2.33    “Performance Plan Unit” means a Performance Award denominated in Units.
2.34    “Potential Change in Control Period” is deemed to commence at the time of the earliest of the following events to occur: (a) the Company enters into an agreement, the consummation of which would result in the occurrence of a Change in Control or otherwise result in an acceleration of the vesting of the Awards (except by virtue of the Participant’s death or Disability); (b) the Company or any person or group publicly announces an intention to take or to consider taking actions that, if consummated, would constitute a Change in Control or 
otherwise result in an acceleration of the vesting of the Awards (except by virtue of the Participant’s death or Disability); (c) any person or group (other than the Company, any subsidiary of the Company, or any savings, pension or other benefit plan for the benefit of employees of the Company or its subsidiaries) becomes the beneficial owner, directly or indirectly, of securities of the Company representing 15 percent or more of either the then outstanding Shares or the combined voting power of the Company’s then outstanding securities (not including in the securities beneficially owned by such person or group any securities acquired directly from the Company or its Affiliates); or (d) the Board adopts a resolution to the effect that, for purposes of the Plan, a Potential Change in Control Period has commenced. The Potential Change in Control Period is deemed to continue until the adoption by the Board of a resolution stating that, for purposes of the Plan, the Potential Change in Control Period has expired.
2.35    “Reporting Person” means an Employee who is subject to the reporting requirements of Section 16(a) the Exchange Act.

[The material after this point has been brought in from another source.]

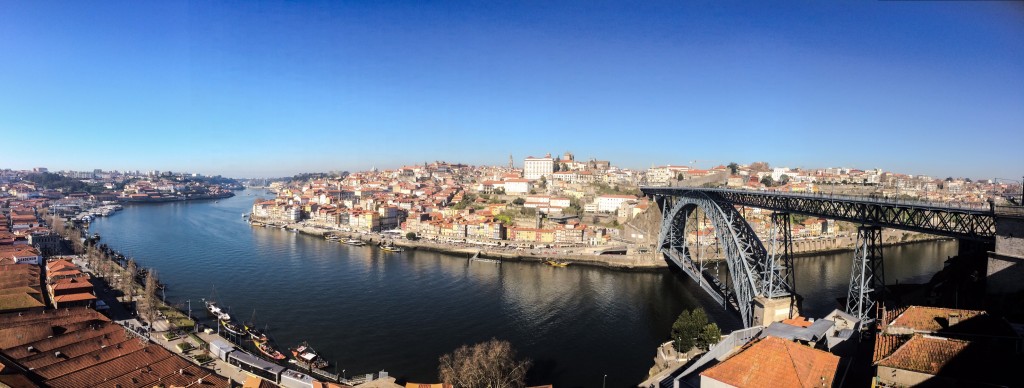vue panoramique Douro Porto-Portugal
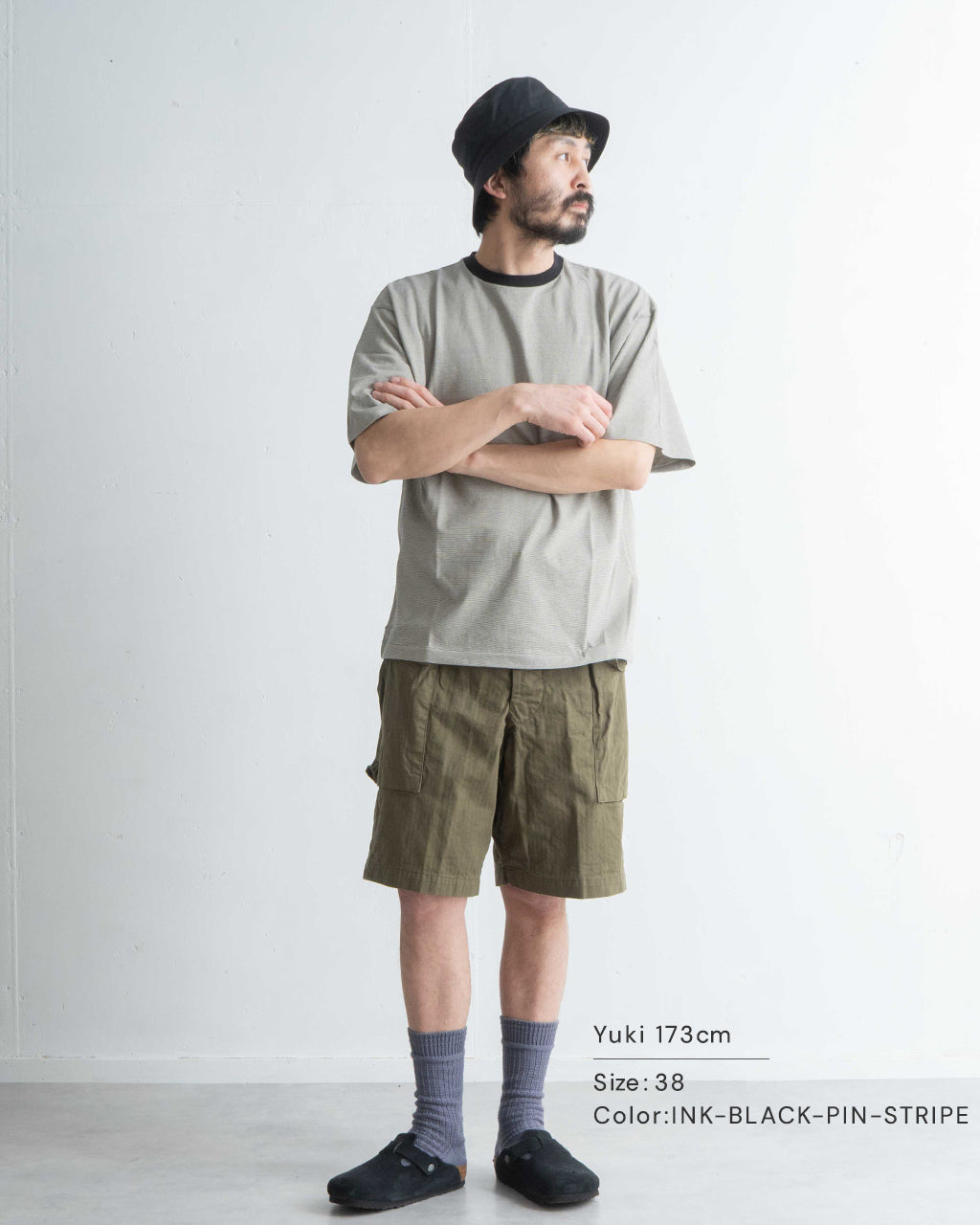 【SALE!20%OFF】ハードツイスト ストライプ ジャージー ショートスリーブ Tシャツ Hard Twisted Stripe Jersey S/S Tee 半袖 KS25SCS09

2.36    “Restricted Stock” means Shares issued pursuant to Section 4.5 that are subject to any restrictions that the Committee, in its discretion, may impose.
2.37    “Restricted Stock Unit” means a Unit granted under Section 4.5 to acquire Shares or an equivalent amount in cash, which Unit is subject to any restrictions that the Committee, in its discretion, may impose.
2.38    “Separation” means the consummation of the transactions contemplated by the Separation and Distribution Agreement, dated as of October 30, 2025, by and between Honeywell and the Company.
2.39    “Share” means a share of Common Stock.
2.40    “Stock Appreciation Right” means a right granted under Section 4.3 to an amount in cash or Shares equal to any increase in the Fair Market Value of the Shares between the date on which the Stock Appreciation Right is granted and the date on which the right is exercised.
2.41    “Stock Option” means a right granted under Section 4.3 to purchase from the Company a stated number of Shares at a specified price that is equal to or greater than the Fair Market Value of a Share on the date of grant, subject to adjustment as provided in Section 5.4. Stock Options awarded under the Plan may be in the form of Incentive Stock Options or Nonqualified Stock Options.
2.42    “Target Amount” means the amount of Performance Plan Units or the amount of cash in respect of a Cash-Based Award that shall be paid if the Performance Measure is met at the 100% level, as determined by the Committee.
2.43    “Target Vesting Percentage” means the percentage of Performance Awards that shall vest or become exercisable if the Performance Measure is met at the 100% level, as determined by the Committee.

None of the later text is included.